LLOYDS Banking Group has pushed the UK's only quoted accountant RSM Tenon into administration and written off £80 million of debt, wiping out shareholders and allowing midmarket rival Baker Tilly to grab Tenon's trading businesses in a "pre-pack" deal with administrator Deloitte.

 

Tenon employs 220 people across five offices in Scotland, but The Herald revealed earlier this week that its five Glasgow partners had resigned to start their own venture, adding to doubts over the company's future.

The combined headcount of the two businesses in Scotland is more than 300.

Deloitte said no job losses were expected in the proposed sale of the trading entities, but a Baker Tilly spokesman said there would be an integration review, adding: "Until that review is complete, we can't give any firm indications."

He added that the value of the deal had not yet been disclosed. Tenon said: "The terms of the sale agreement mean that Lloyds will not recover its secured debt in full."

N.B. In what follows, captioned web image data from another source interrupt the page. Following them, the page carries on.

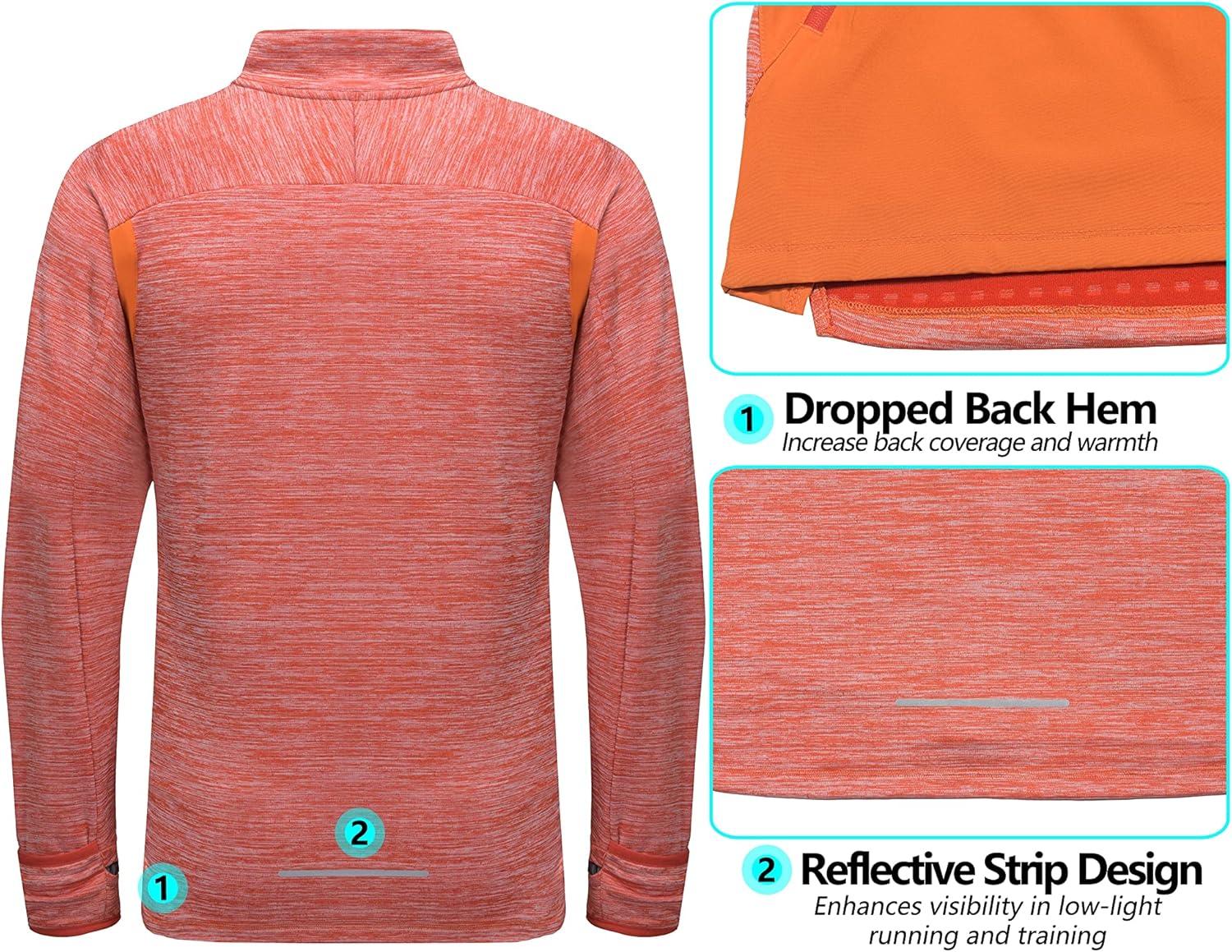 imageLittle Donkey Andy Mens Quick Dry Warm Lightweight Running Jacket Full Zip Thermal Hybrid Thumbholes Golf Track JacketOrange Heather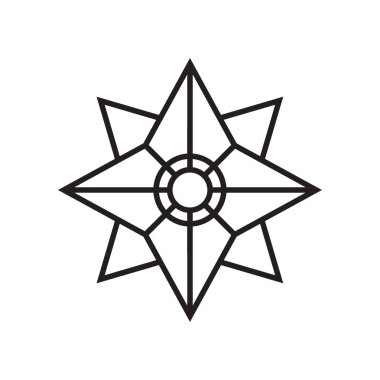 Yıldız simgesi vektör işareti ve beyaz arka plan üzerinde S izole sembolü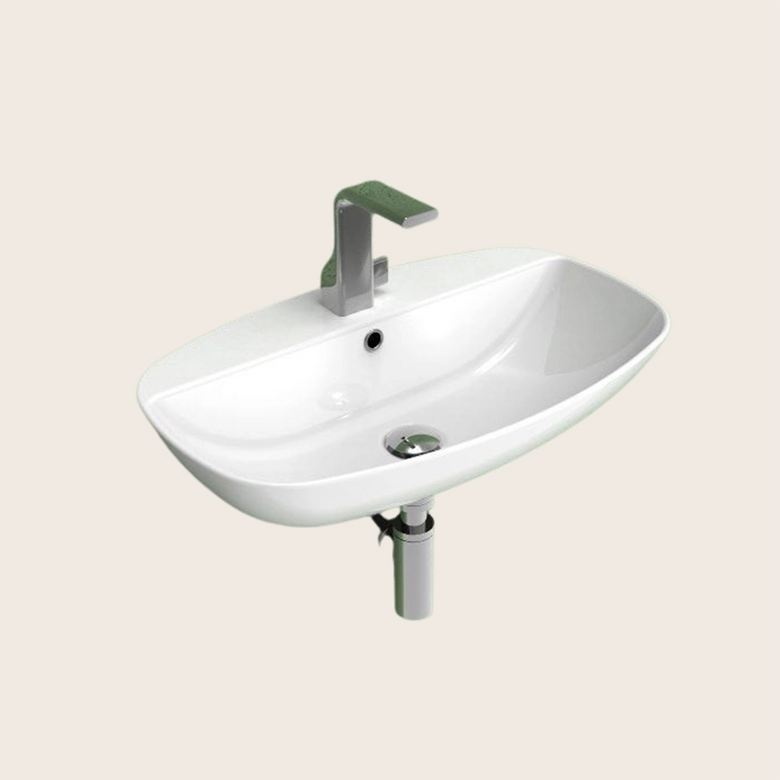 Ceramica Flaminia Nudaslim Lavabo 60 cm da appoggio o 00 Bianco ambientato su piano bagno con accessori
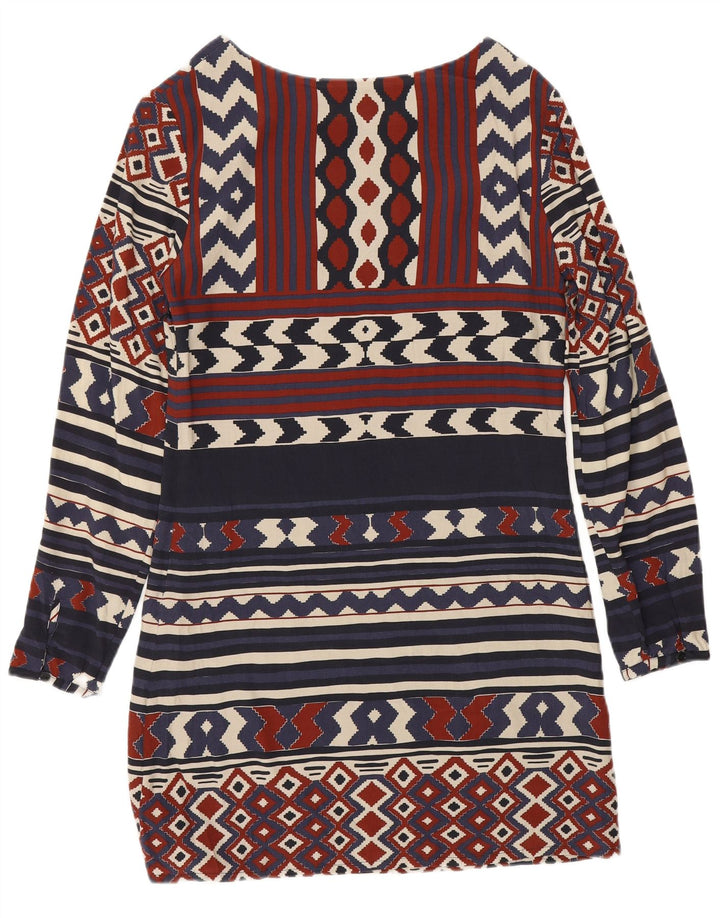 Женское платье-футляр Desigual с длинным рукавом EU 36, маленькое темно-синее с геометрическим рисунком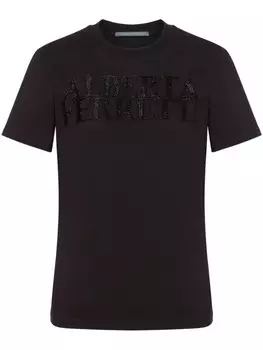 Alberta Ferretti футболка с логотипом из кристаллов, черный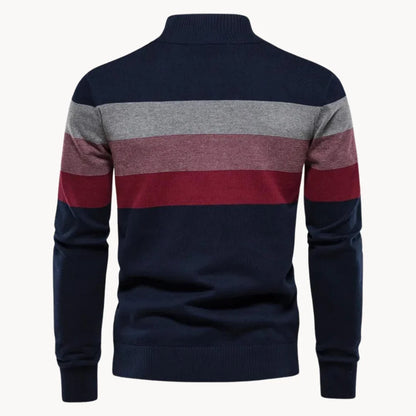 Espen | Men's Quarter Zip Striped Knit Jumper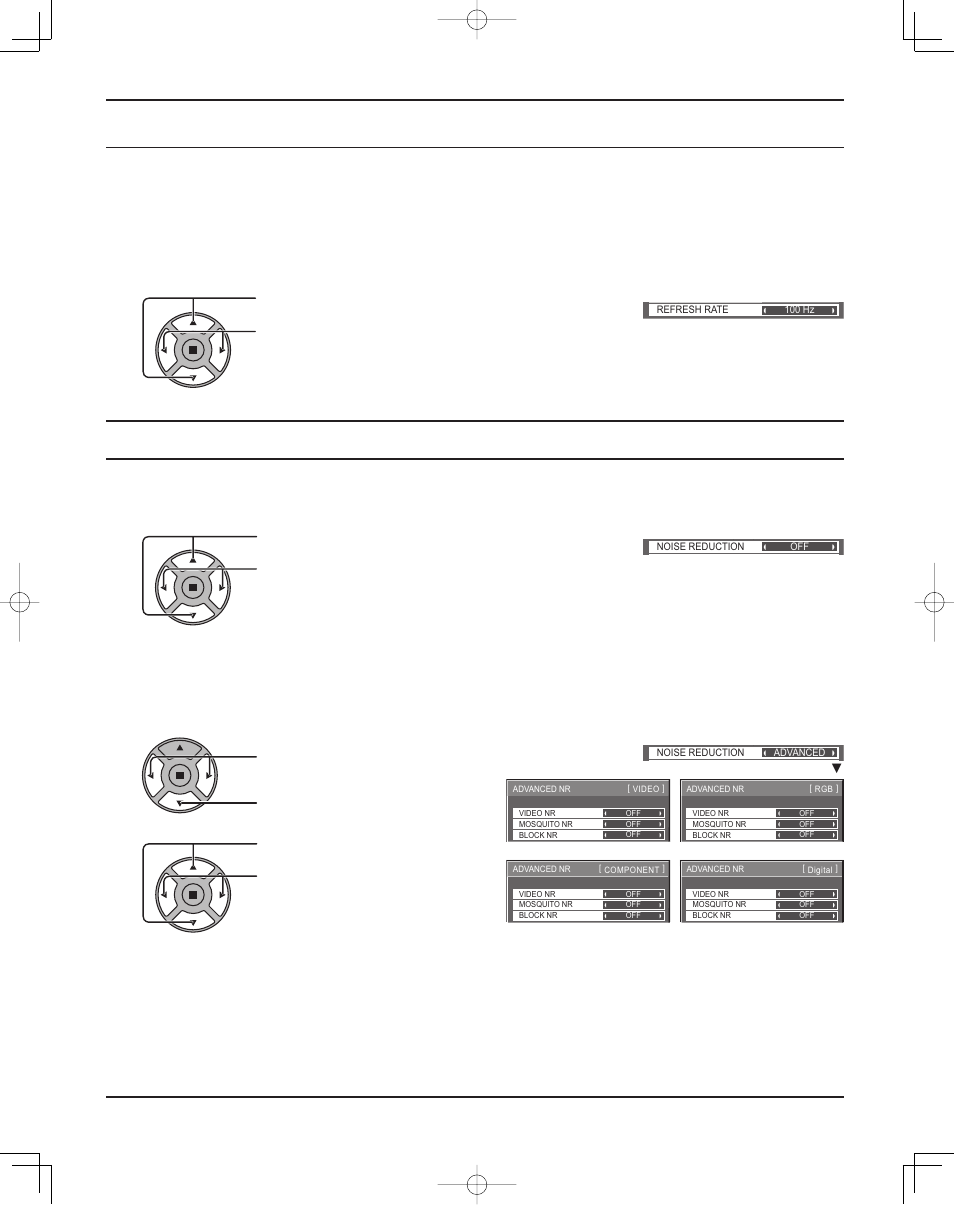 Refresh rate, Noise reduction, Set up for input signals | Advanced nr | Panasonic TH37PR11UK User Manual | Page 33 / 50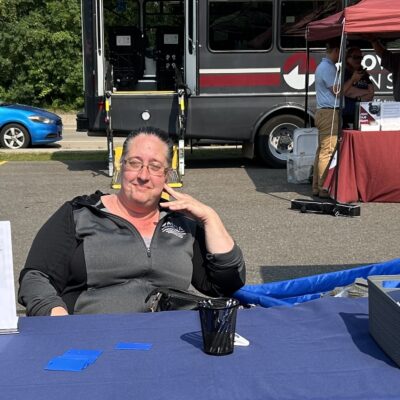 AEOA Employment Counselor Jaycie Lopp is ready to offer employment and training services to visitors at AEOA’s annual block party. 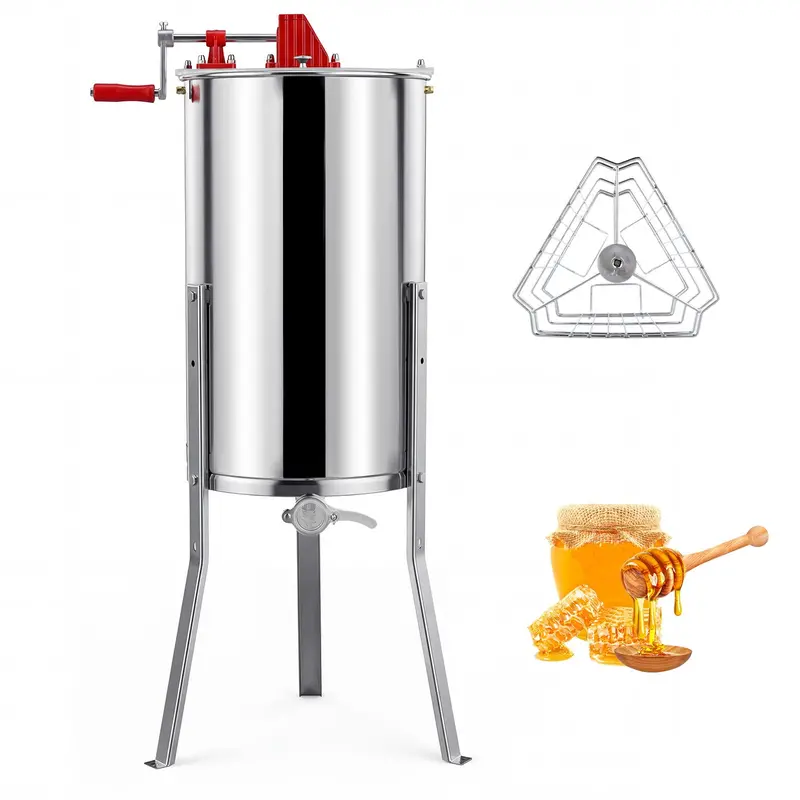 Three-Frame Honey Extractor with Gravity-Flow Bottom Valve and Transparent Viewing Lid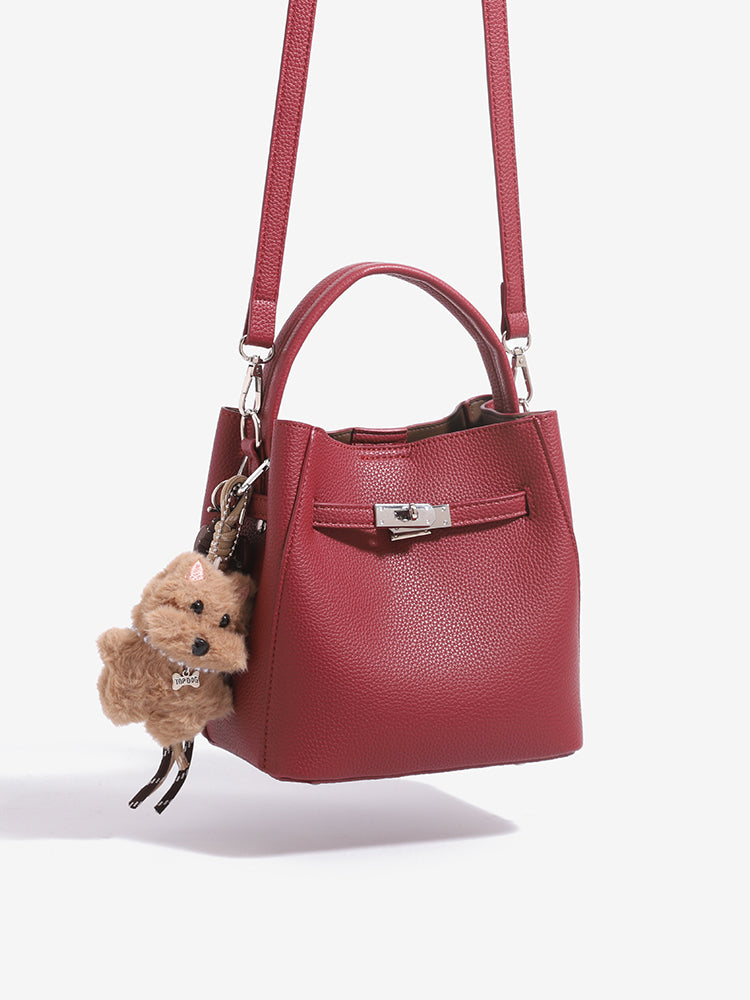 Minimalist Vegan Eco-Leather Mini Bucket Clutch Bag with Lovely Dog Charm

Tenon broke the mould of traditional partner-owned accountancy firms, which are not known to become insolvent.

It was named "national firm of the year" at the British Accountancy Awards 2011, despite having had to restate its own accounts in January 2011, triggering the resignation of chief executive Andy Raynor and chairman Bob Morton, who had driven its aggressive buy-and-build strategy.

They raised £40m to acquire Tenon's midmarket rival RSM Bentley Jennison for £76m in 2010, moved the group's shares to the main market, and promoted RSM Tenon as "the largest commercial provider of bankruptcy services in the UK".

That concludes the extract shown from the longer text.